Leitsatz

  1. Säumniszuschläge sind in der Regel zur Hälfte zu erlassen, wenn ihre Funktion als Druckmittel ihren Sinn verliert (ständige Rechtsprechung).
  2. Die gesetzgeberische Entscheidung in § 240 Abs. 1 Satz 4 AO, dass Säumniszuschläge nicht akzessorisch zur Hauptschuld sind, ist auch dann zu beachten, wenn die angefochtene Steuerfestsetzung nach Konkurseröffnung ersatzlos aufgehoben wird, ohne dass der Steuerpflichtige Aussetzung der Vollziehung beantragt hatte, obwohl ihm dies möglich gewesen wäre.
  3. Ein Antrag auf Aussetzung der Vollziehung kann auch nach Anordnung der Sequestration zur Beseitigung von Wirkungen vollziehbarer Steuerfestsetzungen geboten sein, die – wie das Anfallen von Säumniszuschlägen – nicht in Vollstreckungsmaßnahmen liegen.
 

Sachverhalt

Strittig ist der vollständige Erlass der bis zur Eröffnung des Konkursverfahrens verwirkten Säumniszuschläge, u.a. zur Umsatzsteuer 1989 bis 1992 und 1994, die das Finanzamt bisher zur Hälfte erlassen hat. Der Kläger ist Konkursverwalter im Konkursverfahren über das Vermögen der Gemeinschuldnerin, einer GmbH.

Die Umsatzsteuerbescheide waren angefochten, Anträge auf Aussetzung der Vollziehung aber nicht gestellt worden.
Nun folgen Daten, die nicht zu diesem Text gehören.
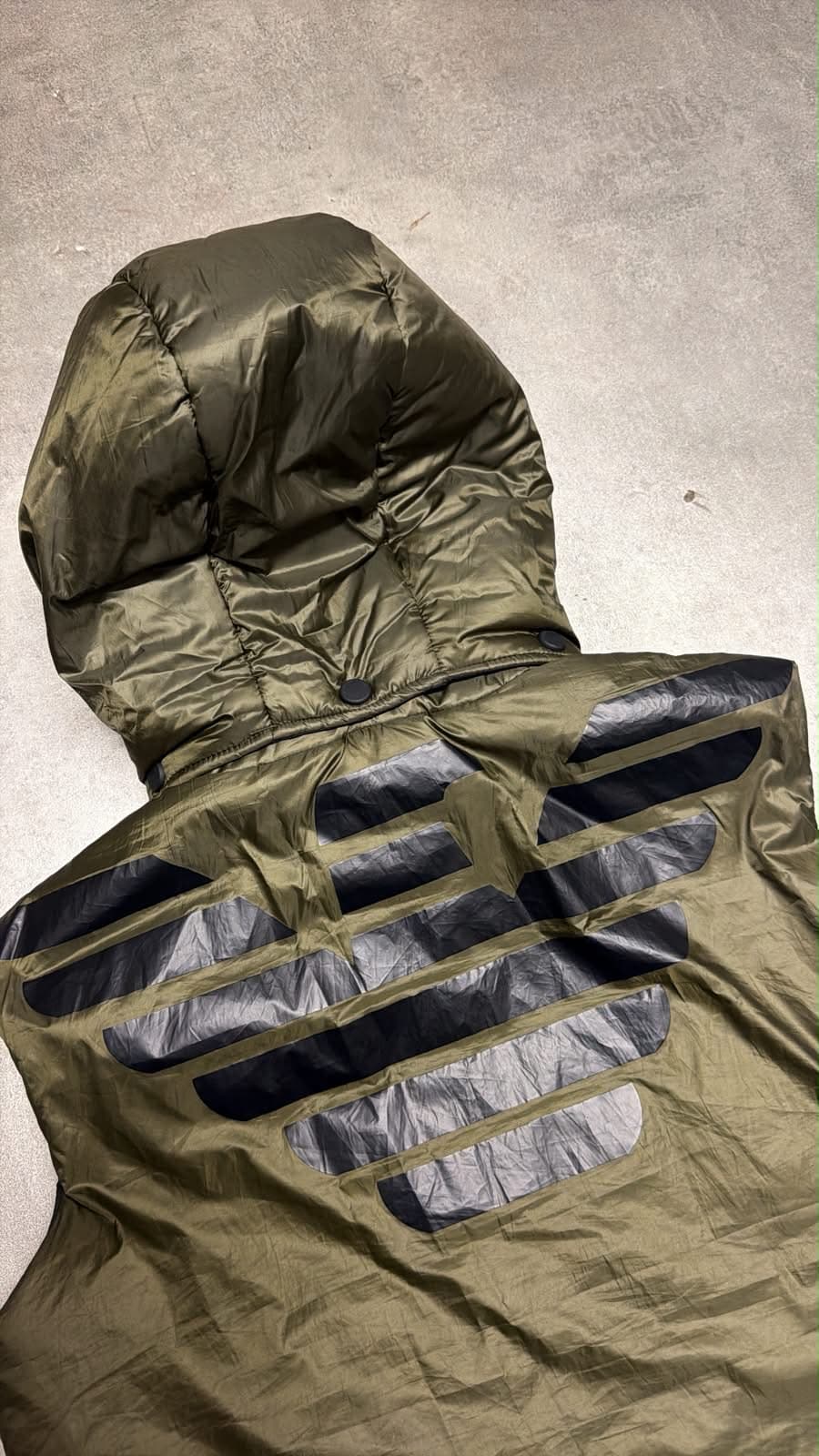 Armani Emporio Armani Puffer Olive — 7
Das Konkursverfahren wurde im Juni 1995 eröffnet. Das Finanzamt meldete u.a. die Umsatzsteuerforderungen zur Tabelle an und stellte diese Forderungen mit Bescheid vom Februar 1996 fest. Im Oktober 2000 hob das Finanzamt die Umsatzsteuerbescheide für die Jahre 1988 bis 1992 und den Feststellungsbescheid vom Februar 1996 ersatzlos auf. Der Kläger beantragte darauf den Erlass der Säumniszuschläge. Das Finanzamt erließ sie zur Hälfte. Einspruch und Klage blieben erfolglos. Mit der Revision trägt der Kläger vor, Finanzamt und -gericht hätten das kumulative Zusammenwirken der Erlassgründe und insbesondere die Wertungen der KO berücksichtigen müssen. Ein Zinsschaden habe beim Abgabengläubiger wegen der späteren Aufhebung der rechtswidrigen Steuerfestsetzung nicht entstehen können, weil das Finanzamt bei Zahlung der Beträge durch die Gemeinschuldnerin und späterer Erstattung die rechtsgrundlos gezahlten Beträge hätte erstatten und nach § 233a Abs. 3 Satz 3 AO verzinsen müssen.

 

Entscheidung

Das FG ist zu Recht davon ausgegangen, dass die Säumniszuschläge nicht in voller Höhe zu erlassen sind.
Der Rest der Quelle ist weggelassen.